2)     QS. At – Taubah : 122
۞ وَمَا كَانَ الْمُؤْمِنُونَ لِيَنْفِرُوا كَافَّةً ۚ فَلَوْلَا نَفَرَ مِنْ كُلِّ فِرْقَةٍ مِنْهُمْ طَائِفَةٌ لِيَتَفَقَّهُوا فِي الدِّينِ وَلِيُنْذِرُوا قَوْمَهُمْ إِذَا رَجَعُوا إِلَيْهِمْ لَعَلَّهُمْ يَحْذَرُونَ
“Tidak sepatutnya bagi mukminin itu pergi semuanya (ke medan perang). Mengapa tidak pergi dari tiap-tiap golongan di antara mereka beberapa orang untuk memperdalam pengetahuan mereka tentang agama dan untuk memberi peringatan kepada kaumnya apabila mereka telah kembali kepadanya, supaya mereka itu dapat menjaga dirinya.”
3)     QS. An – Nahl : 43
وَمَا أَرْسَلْنَا مِنْ قَبْلِكَ إِلَّا رِجَالًا نُوحِي إِلَيْهِمْ ۚ فَاسْأَلُوا أَهْلَ الذِّكْرِ إِنْ كُنْتُمْ لَا تَعْلَمُونَ
“Dan Kami tidak mengutus sebelum kamu, kecuali orang-orang lelaki yang Kami beri wahyu kepada mereka; maka bertanyalah kepada orang yang mempunyai pengetahuan jika kamu tidak mengetahui,”

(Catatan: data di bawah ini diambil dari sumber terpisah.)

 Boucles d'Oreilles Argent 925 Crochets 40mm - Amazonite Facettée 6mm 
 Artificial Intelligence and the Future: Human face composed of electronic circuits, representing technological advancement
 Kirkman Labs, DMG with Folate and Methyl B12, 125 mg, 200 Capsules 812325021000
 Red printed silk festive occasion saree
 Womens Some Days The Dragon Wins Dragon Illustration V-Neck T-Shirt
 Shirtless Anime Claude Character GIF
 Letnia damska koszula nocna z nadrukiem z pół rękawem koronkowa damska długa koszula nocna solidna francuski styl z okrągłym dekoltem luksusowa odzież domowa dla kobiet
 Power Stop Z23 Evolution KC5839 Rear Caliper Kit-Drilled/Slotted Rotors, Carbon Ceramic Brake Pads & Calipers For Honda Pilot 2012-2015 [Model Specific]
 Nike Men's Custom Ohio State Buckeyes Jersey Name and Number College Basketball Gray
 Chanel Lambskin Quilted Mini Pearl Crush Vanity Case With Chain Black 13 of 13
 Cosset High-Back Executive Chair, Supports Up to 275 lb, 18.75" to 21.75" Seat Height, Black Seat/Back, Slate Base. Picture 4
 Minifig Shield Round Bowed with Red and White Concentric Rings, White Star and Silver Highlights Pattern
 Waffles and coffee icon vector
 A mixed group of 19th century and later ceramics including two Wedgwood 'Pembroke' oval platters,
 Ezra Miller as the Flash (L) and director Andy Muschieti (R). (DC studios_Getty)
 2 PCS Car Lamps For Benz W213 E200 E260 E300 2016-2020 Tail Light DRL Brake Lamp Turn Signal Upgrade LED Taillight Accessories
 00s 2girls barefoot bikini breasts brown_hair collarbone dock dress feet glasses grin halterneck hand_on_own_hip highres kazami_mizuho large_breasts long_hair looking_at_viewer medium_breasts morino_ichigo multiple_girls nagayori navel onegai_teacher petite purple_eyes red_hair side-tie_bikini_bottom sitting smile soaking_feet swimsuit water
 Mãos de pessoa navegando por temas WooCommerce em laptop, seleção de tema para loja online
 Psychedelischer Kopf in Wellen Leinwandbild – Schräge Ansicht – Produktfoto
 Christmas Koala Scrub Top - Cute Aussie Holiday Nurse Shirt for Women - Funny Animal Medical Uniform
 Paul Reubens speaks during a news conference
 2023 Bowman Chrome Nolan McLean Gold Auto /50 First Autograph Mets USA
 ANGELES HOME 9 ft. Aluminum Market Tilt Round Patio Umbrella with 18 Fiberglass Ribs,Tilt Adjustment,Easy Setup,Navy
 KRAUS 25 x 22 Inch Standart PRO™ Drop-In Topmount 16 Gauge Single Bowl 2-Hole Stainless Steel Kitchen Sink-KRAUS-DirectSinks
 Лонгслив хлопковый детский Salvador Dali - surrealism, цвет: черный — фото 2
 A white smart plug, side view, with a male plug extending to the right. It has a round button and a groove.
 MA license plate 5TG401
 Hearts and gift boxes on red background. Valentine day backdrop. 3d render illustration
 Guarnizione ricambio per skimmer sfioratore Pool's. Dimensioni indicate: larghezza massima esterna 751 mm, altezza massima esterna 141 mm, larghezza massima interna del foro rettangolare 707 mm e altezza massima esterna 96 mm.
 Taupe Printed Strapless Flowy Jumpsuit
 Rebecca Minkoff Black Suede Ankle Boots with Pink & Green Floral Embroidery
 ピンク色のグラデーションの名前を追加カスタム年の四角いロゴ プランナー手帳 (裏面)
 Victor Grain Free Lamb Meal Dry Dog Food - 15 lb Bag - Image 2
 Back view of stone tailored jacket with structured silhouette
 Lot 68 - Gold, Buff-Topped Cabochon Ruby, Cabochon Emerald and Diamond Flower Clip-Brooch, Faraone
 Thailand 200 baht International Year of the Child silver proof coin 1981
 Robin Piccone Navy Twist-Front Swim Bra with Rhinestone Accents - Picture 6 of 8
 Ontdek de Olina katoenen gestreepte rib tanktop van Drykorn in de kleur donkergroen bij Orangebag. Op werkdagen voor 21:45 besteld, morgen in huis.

c.       Larangan Bertaqlid
Adapun tiga bentuk yang disepakati oleh para ulama ushul fiqih dalam melarang sikap taqlid, antara lain:
1)     Mengikuti tradisi nenek moyang yang bertentangan dengan Al – Qur’an dan Hadis. Misalnya, mengikuti tradisi nenek moyang yang melakukan tirakat di makam selama tujuh malam, agar keinginannya terkabulkan. Hal ini tentunya dilarang, sebagaimana firman Allah dalam QS. Al – Ahzab (33) : 64
إِنَّ اللَّهَ لَعَنَ الْكَافِرِينَ وَأَعَدَّ لَهُمْ سَعِيرًا
“Sesungguhnya Allah melaknati orang-orang kafir dan menyediakan bagi mereka api yang menyala-nyala (neraka),”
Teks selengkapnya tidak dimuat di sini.